EFFECTS OF CB1 CANNABINOID RECEPTOR BLOCKADE ON ETHANOL PREFERENCE AFTER CHRONIC ALCOHOL ADMINISTRATION COMBINED WITH REPEATED RE-EXPOSURES AND WITHDRAWALS

FRÉDÉRIC LALLEMAND 1, PHILIPPE SOUBRIÉ 2, and PHILIPPE DE WITTE 1*

1 Laboratoire de Biologie du Comportement, Université Catholique de Louvain, Louvain-la-Neuve, Belgium
2 Sanofi-Synthélabo Recherche, Montpellier, France

* To whom correspondence should be addressed. E-mail: dewitte{at}bani.ucl.ac.be.


  Abstract

Aims: The cannabinoid CB1 receptor antagonist, SR141716A, differentially affects the ethanol preference of chronically alcoholized rats when administered during cycles of ethanol exposure and withdrawal.
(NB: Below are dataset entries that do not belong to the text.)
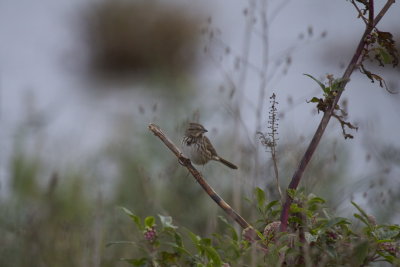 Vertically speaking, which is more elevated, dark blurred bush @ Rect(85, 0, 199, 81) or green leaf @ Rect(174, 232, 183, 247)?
dark blurred bush @ Rect(85, 0, 199, 81)

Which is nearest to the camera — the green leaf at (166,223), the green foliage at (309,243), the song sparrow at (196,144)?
the green foliage at (309,243)

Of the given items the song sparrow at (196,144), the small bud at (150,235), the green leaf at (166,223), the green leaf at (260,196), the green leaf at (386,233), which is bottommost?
the green leaf at (386,233)

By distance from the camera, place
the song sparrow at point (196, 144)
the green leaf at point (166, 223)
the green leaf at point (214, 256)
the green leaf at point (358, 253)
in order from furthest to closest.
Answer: the song sparrow at point (196, 144) → the green leaf at point (166, 223) → the green leaf at point (214, 256) → the green leaf at point (358, 253)

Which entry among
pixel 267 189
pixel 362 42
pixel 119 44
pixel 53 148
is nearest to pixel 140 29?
pixel 119 44

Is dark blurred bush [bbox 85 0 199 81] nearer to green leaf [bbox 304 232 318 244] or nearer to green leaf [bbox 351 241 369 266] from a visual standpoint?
green leaf [bbox 304 232 318 244]

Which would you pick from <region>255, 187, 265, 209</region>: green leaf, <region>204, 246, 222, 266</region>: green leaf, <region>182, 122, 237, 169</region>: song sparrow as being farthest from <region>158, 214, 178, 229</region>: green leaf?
<region>182, 122, 237, 169</region>: song sparrow

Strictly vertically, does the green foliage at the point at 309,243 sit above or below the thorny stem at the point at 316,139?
below

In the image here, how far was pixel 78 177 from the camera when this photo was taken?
6.28 meters

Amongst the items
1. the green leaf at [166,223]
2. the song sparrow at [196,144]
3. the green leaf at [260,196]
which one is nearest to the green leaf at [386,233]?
the green leaf at [260,196]

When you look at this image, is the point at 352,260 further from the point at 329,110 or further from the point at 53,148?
the point at 53,148

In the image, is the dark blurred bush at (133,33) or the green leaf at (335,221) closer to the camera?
the green leaf at (335,221)

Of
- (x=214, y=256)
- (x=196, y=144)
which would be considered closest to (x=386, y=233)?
(x=214, y=256)

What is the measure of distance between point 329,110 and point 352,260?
44cm

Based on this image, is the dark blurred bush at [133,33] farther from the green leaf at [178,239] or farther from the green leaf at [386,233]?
the green leaf at [386,233]
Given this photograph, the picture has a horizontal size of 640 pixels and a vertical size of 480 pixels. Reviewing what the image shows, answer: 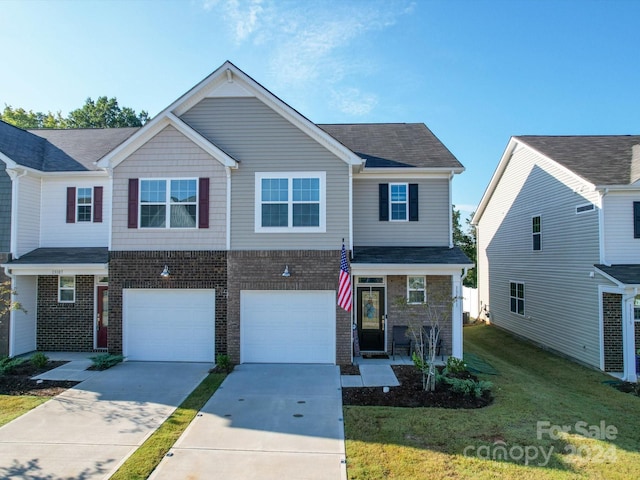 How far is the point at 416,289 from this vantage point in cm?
1270

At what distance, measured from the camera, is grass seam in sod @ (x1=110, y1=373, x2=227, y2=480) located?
5.76m

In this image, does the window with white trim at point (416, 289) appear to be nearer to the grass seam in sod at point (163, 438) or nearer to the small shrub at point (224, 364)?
the small shrub at point (224, 364)

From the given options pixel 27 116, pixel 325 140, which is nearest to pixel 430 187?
pixel 325 140

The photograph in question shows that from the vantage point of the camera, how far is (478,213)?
2312cm

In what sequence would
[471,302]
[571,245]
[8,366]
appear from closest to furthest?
1. [8,366]
2. [571,245]
3. [471,302]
In this study, ethanol preference was investigated in chronically alcoholized rats that underwent regular withdrawal periods during which the brain cannabinoid CB1 receptor antagonist, SR141716A, was administered. Methods: The cannabinoid receptor antagonist SR141716A, 3 or 10 mg/kg/day, was administered i.p. to Wistar rats at the conclusion of a 4-week period of chronic alcoholization, as they commenced a cycle of alcohol withdrawal for 10 days followed by a period of 10 days chronic ethanol exposure. In a second set of experiments, an additional cycle of ethanol withdrawal and re-exposure was given. Preference for ethanol versus water started at the end of the first or second chronic ethanol re-exposure for a period of at least 30 days. Results: In rats pretreated with the higher dose of SR141716A, ethanol preference during free choice was significantly increased after two ethanol re-exposures. In contrast, pretreatment with the lower SR141716A dose induced no significant change in ethanol intake during the free choice followed by either one or two ethanol re-exposures. Conclusions: SR141716A, 10 mg/kg/day dose, induced a significant increase in ethanol preference which was dependent on both the number of ethanol withdrawals and chronic ethanol re-exposures, while 3 mg/kg/day had no significant effect on ethanol preference.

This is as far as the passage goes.